[[ INPUT FOR THIS TASK open ]]

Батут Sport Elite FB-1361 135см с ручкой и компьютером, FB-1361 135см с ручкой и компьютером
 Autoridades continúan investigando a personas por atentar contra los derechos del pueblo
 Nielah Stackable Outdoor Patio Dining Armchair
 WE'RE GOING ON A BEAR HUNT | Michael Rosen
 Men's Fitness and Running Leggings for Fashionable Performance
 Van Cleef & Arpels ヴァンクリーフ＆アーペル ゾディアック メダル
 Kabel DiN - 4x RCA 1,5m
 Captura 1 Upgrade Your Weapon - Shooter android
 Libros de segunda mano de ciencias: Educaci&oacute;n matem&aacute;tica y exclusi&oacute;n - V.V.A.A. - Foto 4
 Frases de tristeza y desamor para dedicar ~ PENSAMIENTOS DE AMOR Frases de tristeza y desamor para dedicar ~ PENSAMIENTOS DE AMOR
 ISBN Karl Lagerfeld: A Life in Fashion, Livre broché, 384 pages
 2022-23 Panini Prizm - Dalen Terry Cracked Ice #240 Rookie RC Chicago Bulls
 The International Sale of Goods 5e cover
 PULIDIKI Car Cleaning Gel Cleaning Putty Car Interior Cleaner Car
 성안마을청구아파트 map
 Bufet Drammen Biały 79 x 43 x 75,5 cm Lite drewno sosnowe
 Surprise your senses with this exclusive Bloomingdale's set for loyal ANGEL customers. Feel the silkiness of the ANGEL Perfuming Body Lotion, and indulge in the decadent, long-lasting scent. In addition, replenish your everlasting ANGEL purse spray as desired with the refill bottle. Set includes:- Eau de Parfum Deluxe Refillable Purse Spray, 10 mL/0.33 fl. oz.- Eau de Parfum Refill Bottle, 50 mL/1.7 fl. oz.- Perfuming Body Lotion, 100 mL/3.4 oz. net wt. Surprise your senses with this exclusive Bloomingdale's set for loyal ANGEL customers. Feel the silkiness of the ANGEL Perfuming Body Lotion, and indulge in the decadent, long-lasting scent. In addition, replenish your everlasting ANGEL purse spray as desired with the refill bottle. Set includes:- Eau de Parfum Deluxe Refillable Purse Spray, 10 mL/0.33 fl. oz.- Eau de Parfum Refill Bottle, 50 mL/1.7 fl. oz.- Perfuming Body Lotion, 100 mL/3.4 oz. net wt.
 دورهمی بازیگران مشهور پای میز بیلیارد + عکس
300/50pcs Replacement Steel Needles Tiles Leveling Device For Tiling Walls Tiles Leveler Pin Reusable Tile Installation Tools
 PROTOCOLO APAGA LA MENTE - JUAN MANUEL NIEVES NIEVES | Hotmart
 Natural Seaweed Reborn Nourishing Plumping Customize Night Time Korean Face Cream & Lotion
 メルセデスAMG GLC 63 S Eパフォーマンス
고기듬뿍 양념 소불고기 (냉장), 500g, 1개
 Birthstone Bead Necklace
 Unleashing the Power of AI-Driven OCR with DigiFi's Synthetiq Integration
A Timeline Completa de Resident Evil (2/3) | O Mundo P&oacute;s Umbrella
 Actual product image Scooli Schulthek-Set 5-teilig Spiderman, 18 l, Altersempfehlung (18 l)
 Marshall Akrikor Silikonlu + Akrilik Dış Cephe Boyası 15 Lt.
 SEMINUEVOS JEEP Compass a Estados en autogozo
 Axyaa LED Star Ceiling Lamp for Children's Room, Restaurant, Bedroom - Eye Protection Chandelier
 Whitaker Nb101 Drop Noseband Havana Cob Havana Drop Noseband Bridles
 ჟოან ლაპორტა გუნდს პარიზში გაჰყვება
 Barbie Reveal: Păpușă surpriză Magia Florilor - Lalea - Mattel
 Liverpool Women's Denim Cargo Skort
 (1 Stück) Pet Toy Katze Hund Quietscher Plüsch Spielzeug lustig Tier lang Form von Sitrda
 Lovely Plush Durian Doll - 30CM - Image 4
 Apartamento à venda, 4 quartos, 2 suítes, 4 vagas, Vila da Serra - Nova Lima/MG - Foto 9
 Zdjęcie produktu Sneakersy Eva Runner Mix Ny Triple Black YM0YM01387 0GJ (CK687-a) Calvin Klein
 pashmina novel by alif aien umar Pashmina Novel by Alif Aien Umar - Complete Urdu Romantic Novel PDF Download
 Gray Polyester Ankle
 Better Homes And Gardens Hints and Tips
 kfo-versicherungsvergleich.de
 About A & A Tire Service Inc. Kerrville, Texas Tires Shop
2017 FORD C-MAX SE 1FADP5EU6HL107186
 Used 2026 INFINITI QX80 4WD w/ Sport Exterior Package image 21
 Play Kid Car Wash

[[ INPUT FOR THIS TASK closed ]]

EXERCISE REQUIREMENTS: Which lines above run from the one containing "Van Cleef & Arpels ヴァンクリーフ＆アーペル ゾディアック メダル" to the one containing "دورهمی بازیگران مشهور پای میز بیلیارد + عکس"? Give them again exactly, both ends included.

TASK SOLUTION:
 Van Cleef & Arpels ヴァンクリーフ＆アーペル ゾディアック メダル
 Kabel DiN - 4x RCA 1,5m
 Captura 1 Upgrade Your Weapon - Shooter android
 Libros de segunda mano de ciencias: Educaci&oacute;n matem&aacute;tica y exclusi&oacute;n - V.V.A.A. - Foto 4
 Frases de tristeza y desamor para dedicar ~ PENSAMIENTOS DE AMOR Frases de tristeza y desamor para dedicar ~ PENSAMIENTOS DE AMOR
 ISBN Karl Lagerfeld: A Life in Fashion, Livre broché, 384 pages
 2022-23 Panini Prizm - Dalen Terry Cracked Ice #240 Rookie RC Chicago Bulls
 The International Sale of Goods 5e cover
 PULIDIKI Car Cleaning Gel Cleaning Putty Car Interior Cleaner Car
 성안마을청구아파트 map
 Bufet Drammen Biały 79 x 43 x 75,5 cm Lite drewno sosnowe
 Surprise your senses with this exclusive Bloomingdale's set for loyal ANGEL customers. Feel the silkiness of the ANGEL Perfuming Body Lotion, and indulge in the decadent, long-lasting scent. In addition, replenish your everlasting ANGEL purse spray as desired with the refill bottle. Set includes:- Eau de Parfum Deluxe Refillable Purse Spray, 10 mL/0.33 fl. oz.- Eau de Parfum Refill Bottle, 50 mL/1.7 fl. oz.- Perfuming Body Lotion, 100 mL/3.4 oz. net wt. Surprise your senses with this exclusive Bloomingdale's set for loyal ANGEL customers. Feel the silkiness of the ANGEL Perfuming Body Lotion, and indulge in the decadent, long-lasting scent. In addition, replenish your everlasting ANGEL purse spray as desired with the refill bottle. Set includes:- Eau de Parfum Deluxe Refillable Purse Spray, 10 mL/0.33 fl. oz.- Eau de Parfum Refill Bottle, 50 mL/1.7 fl. oz.- Perfuming Body Lotion, 100 mL/3.4 oz. net wt.
 دورهمی بازیگران مشهور پای میز بیلیارد + عکس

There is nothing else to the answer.